At the end of two weeks, thanks to some money that he had found in Jim's uniform—and a great deal of good luck—he was safe in a quiet pastoral country far from the battle line. Here he saw no uniforms—only old men and women in blouses and sabots, occupying themselves with the harvest, aware only that the Boches were in retreat and that their own fields were forever safe from invasion. He represented himself as an American art student of Paris, driven by poverty from the city, and offered to work for board and lodging. They took him, and there he stayed for awhile. There was a girl in the family. It was very pleasant. The nearest town was St. Florentin, and Paris was a hundred miles away. But after a few weeks he wearied of it, and of the girl, and having twenty francs left in his pockets stole away in the middle of the night.

Paris was the place for him. There identities were not questioned. He knew something of Paris. Piquette Morin! He could get her help without telling any unnecessary facts. As to Barry Quinlevin and Moira—that was different. It wouldn't be pleasant to fall completely in the power of a man like Barry Quinlevin—even if he was now his father-in-law. And Moira ... No. Moira mustn't ever know if he could prevent it. And yet if Jim Horton in Harry's uniform had been killed Harry would be officially dead. He was already dead, to Moira, if Jim Horton had revived enough to tell the truth. It wasn't a pretty story to be spread around. But if Jim were alive ... what then?
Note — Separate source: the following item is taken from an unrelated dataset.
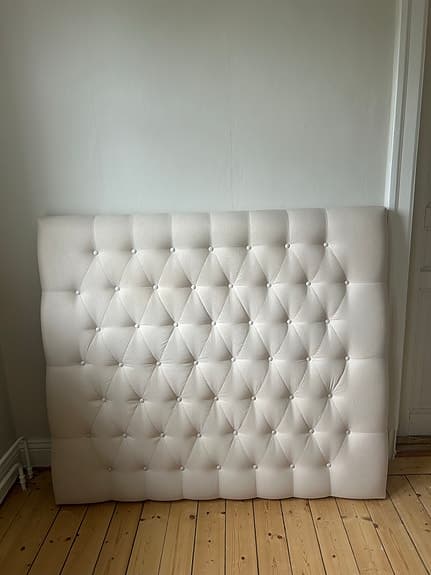 Beige sänggavel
There were ways of getting along in Paris. He would find a way even if ... Moira! He would have liked to be able to go to Moira. She was the one creature in the world whose opinion seemed to matter now. She would have been his on the next furlough. He knew women. If you couldn't get them one way you could another. Already her letters had been gentler—more conciliatory. His wife—the wife of an outcast! God! Why had he ever gone into the service? How had he known back there that he wouldn't have been able to stand up under fire—that he would have found the grinning head of the hated Levinski in the wheat field? Waves of goose flesh went over him and left him cold and weak.... A sullen mood followed, dull, embittered, and vengeful, against all the world, with only one hope.... If Jim were alive—and silent!

That opened possibilities—to substitute with his brother and come back to his own—with all the honors of the fool performance! It was his name, his job that Jim had taken, and his brother couldn't keep him out of them. He could make Jim give them up—he'd make him. If he couldn't come back himself, he would drag Jim down with him—they would be outcast together. In the dark that night he would have managed in some way to carry out the Major's orders if Jim hadn't found him just at the worst moment. What right had Jim to go butting in and making a fool of them both! D—n him!

He found his way into Paris at the end of a dreary day of tramping. He had a few francs left but he was tired and very hungry. With a lie framed he went straight to the apartment of Piquette Morin. She had gone out of town for a few days.